• _Task prompt_:
From the listing that follows, reproduce only the lines from the one holding "关于【上海有色金属网今日铝,上海有色金属网今日铝价查询最新】" through the one holding "シロッコファン、換気扇、五徳", both included, with no pictures.

• _Information given_:
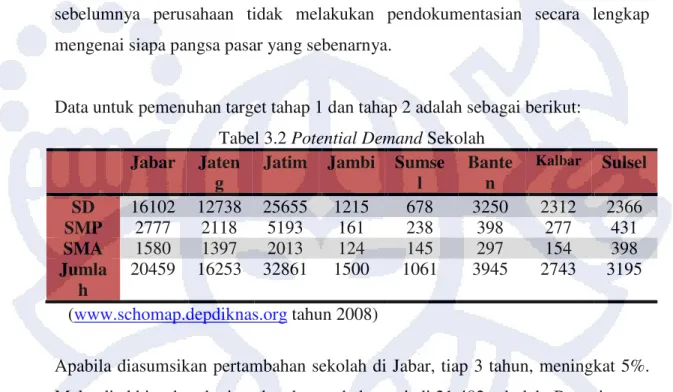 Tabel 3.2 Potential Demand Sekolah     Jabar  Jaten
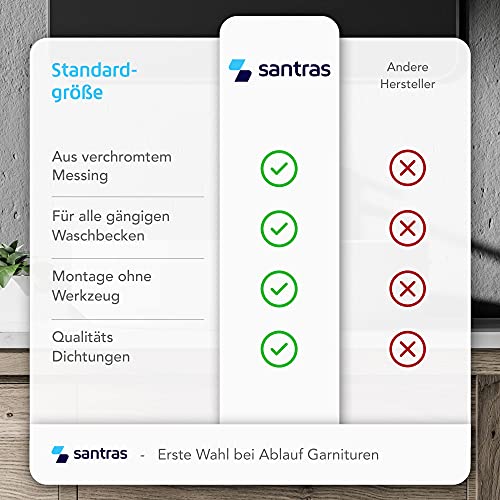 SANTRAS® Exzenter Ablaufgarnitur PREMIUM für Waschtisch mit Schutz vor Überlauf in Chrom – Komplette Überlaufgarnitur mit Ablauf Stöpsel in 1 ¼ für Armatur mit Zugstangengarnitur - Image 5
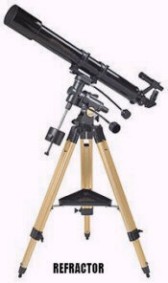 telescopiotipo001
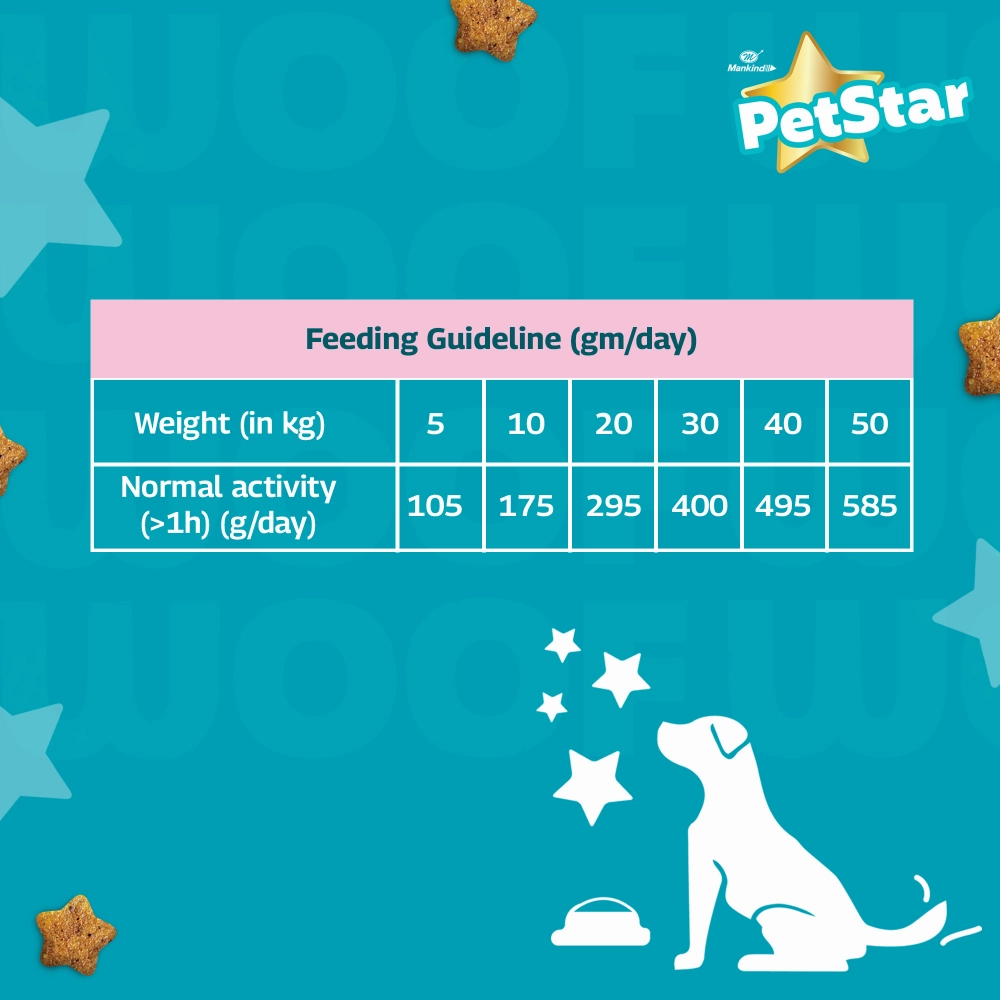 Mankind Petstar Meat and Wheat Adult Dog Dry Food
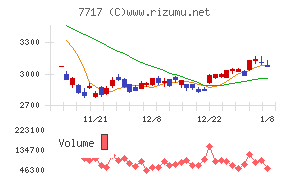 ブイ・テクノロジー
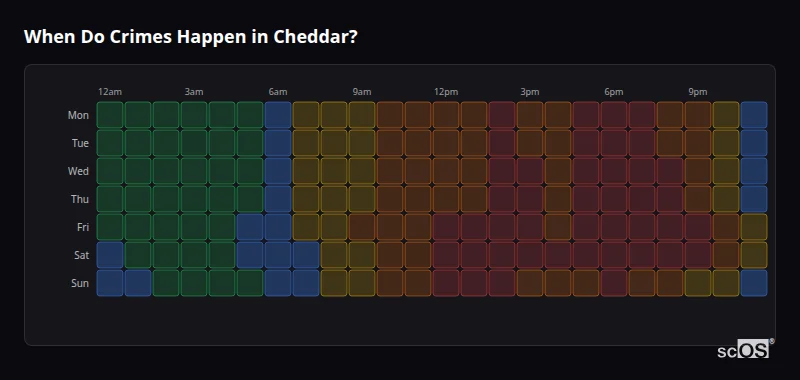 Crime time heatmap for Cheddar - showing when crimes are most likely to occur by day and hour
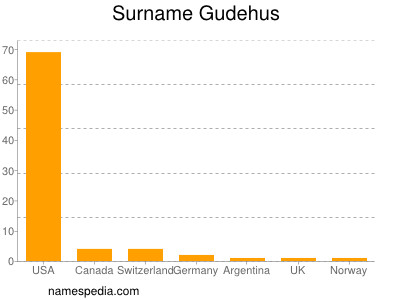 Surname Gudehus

==

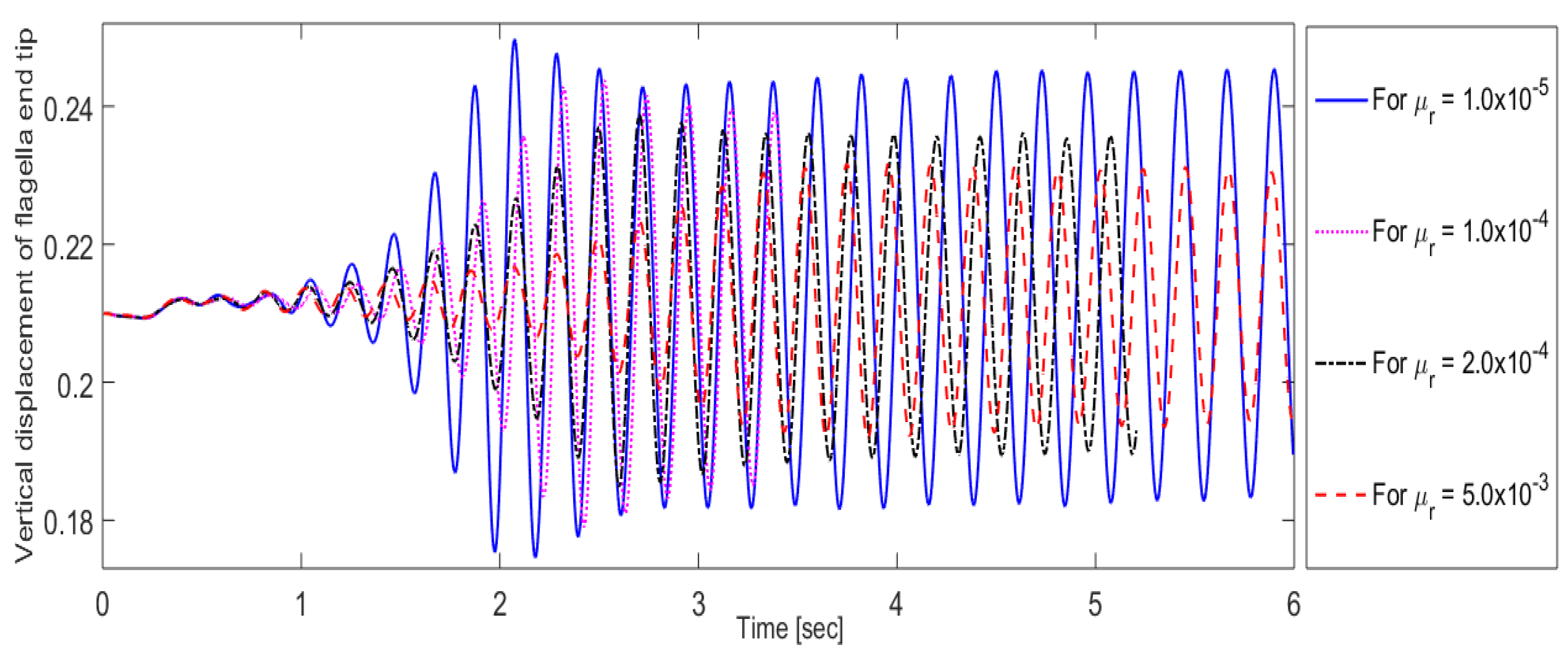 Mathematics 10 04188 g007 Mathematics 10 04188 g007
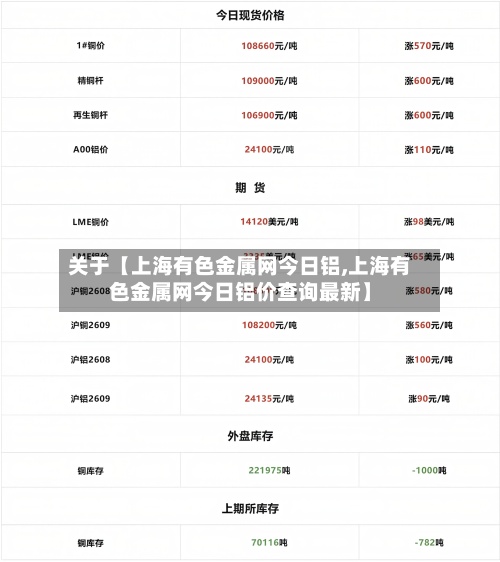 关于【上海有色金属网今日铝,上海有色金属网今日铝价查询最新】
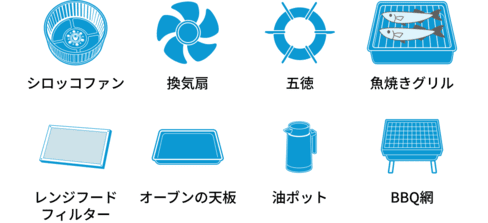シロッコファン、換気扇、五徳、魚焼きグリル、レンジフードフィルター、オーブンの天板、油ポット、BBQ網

• _Result for this exercise_:
 关于【上海有色金属网今日铝,上海有色金属网今日铝价查询最新】
シロッコファン、換気扇、五徳、魚焼きグリル、レンジフードフィルター、オーブンの天板、油ポット、BBQ網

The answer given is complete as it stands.